Safe Harbour review: Opening ritual gives a bit of pagan rave and a masked Cillian Murphy

Opening ritual at Elizabeth Fort for Sounds from a Harbour. Picture: Bríd O’Donovan
Everybody who entered the sold-out Elizabeth Fort for the Opening Ritual of Sounds From A Safe Harbour on Thursday night was given a green wristband and a handful of magic mushrooms. Ok, the fungal gift is an exaggeration, but in truth it mightn’t have been out of place at the first night of the biennial Cork festival.
The brainchild of folklorist Billy Mag Fhloinn felt a bit like Clannad had been spiked by the Rubberbandits and run off to join Spiral Tribe.

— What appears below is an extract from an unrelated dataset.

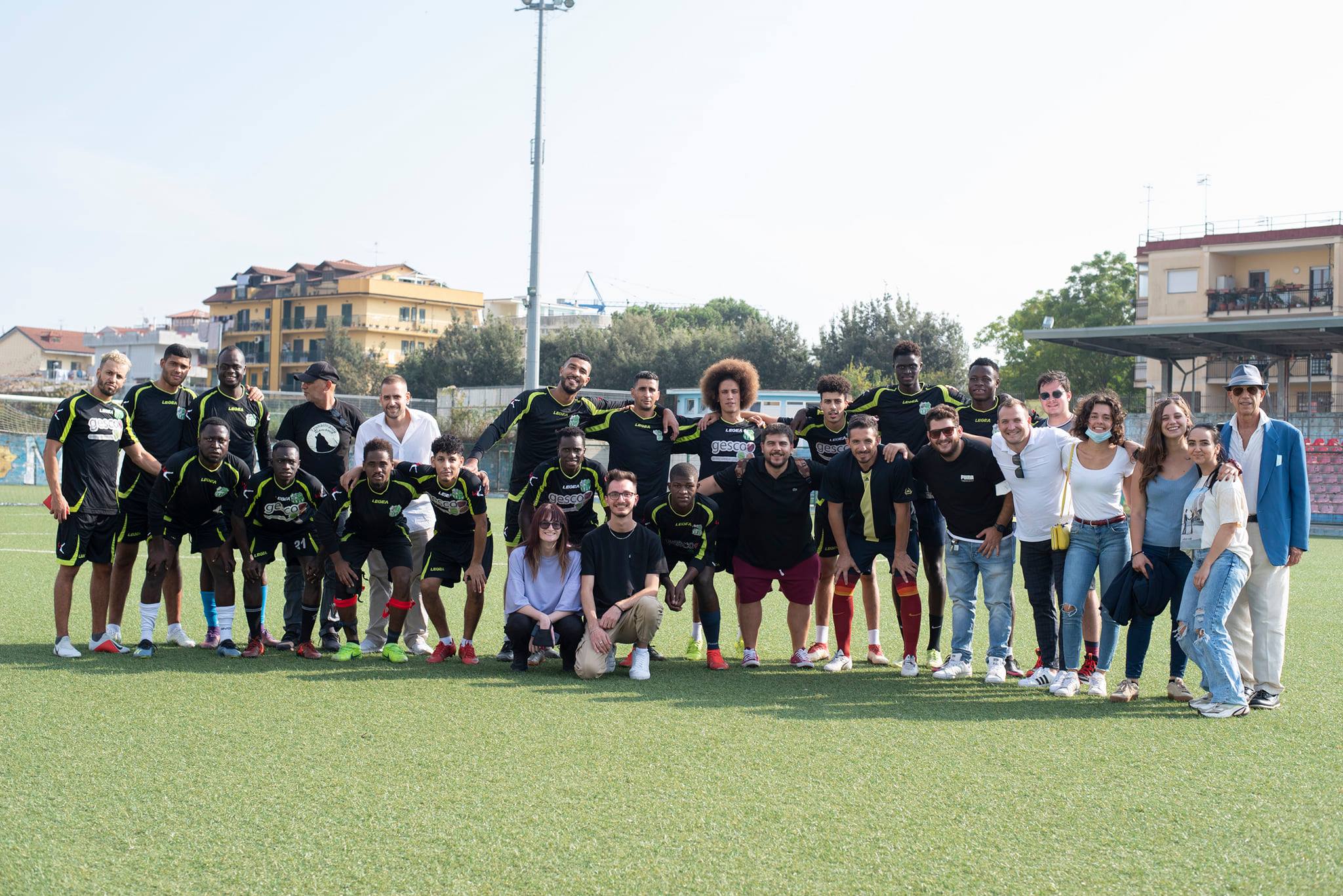 “Le buone pratiche per l’inclusione dei migranti attraverso lo sport”: il Napoli United in campo per la partita dell’inclusione e integrazione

Among the early performers in the rain-soaked courtyard of the 17th-century fort is Róis, the Fermanagh drone-princess whose ghost-of-Celtic-past synth-sounds set the ideal atmosphere. And though there was talk of a pagan rave, we also hear snippets of Seán Ó Riada’s mass. “Ag Criost an Siol, Ag Criost an fomhar” (With Christ of the seed, with Christ of the harvest).
A bunch of wonderfully-costumed beings join the fray and a ceremonial flame just about takes purchase in the gusty conditions. “Tá an tine ar lasadh,” chants the druid-like figure on stage. The fire is indeed lit for the fifth incarnation of an event that had kicked off earlier in the evening with an emotional tribute to late Cork musician and festival stalwart Talos (Eoin French).
Up on the ramparts, another masked figure starts ranting. Probably some crusty down from Clare for the weekend? Au contraire, Rodders. It’s actually our very own Academy Award-winner. A few days previously, Cillian Murphy had been questioned on Stephen Colbert’s CBS show about his lack of a strong Cork accent. Here, the Balintemple native turns the Leeside twang up to 11 as he chants the demented words of his fellow-Safe Harbour organiser Max Porter.

“There’s a fuse in you, there’s a dozen fucking ghosts in your pipe,” he screams at a mostly oblivious crowd. How liberating that brief moment of anonymity must be for a 49-year-old who never looks too chuffed with the celebrity obligations of his craft.
In the wrong hands, the night’s mix of genuine tradition and new-age party vibe could easily descend into misty tweeness, but all concerned here look to be having great fun. That energy flows into the audience.

With a backdrop of pounding beats, rabble-rousing MC’s Dyrt and Súil Amháin add further invocations to the mix before the crowd are gradually left to get into their own groove with a succession of DJs.
The ongoing rain has a few scurrying for the exits as the spectacle element of the show recedes, but this is still a fine example of the creative collaborations Safe Harbour has become renowned for. Festival well and truly open.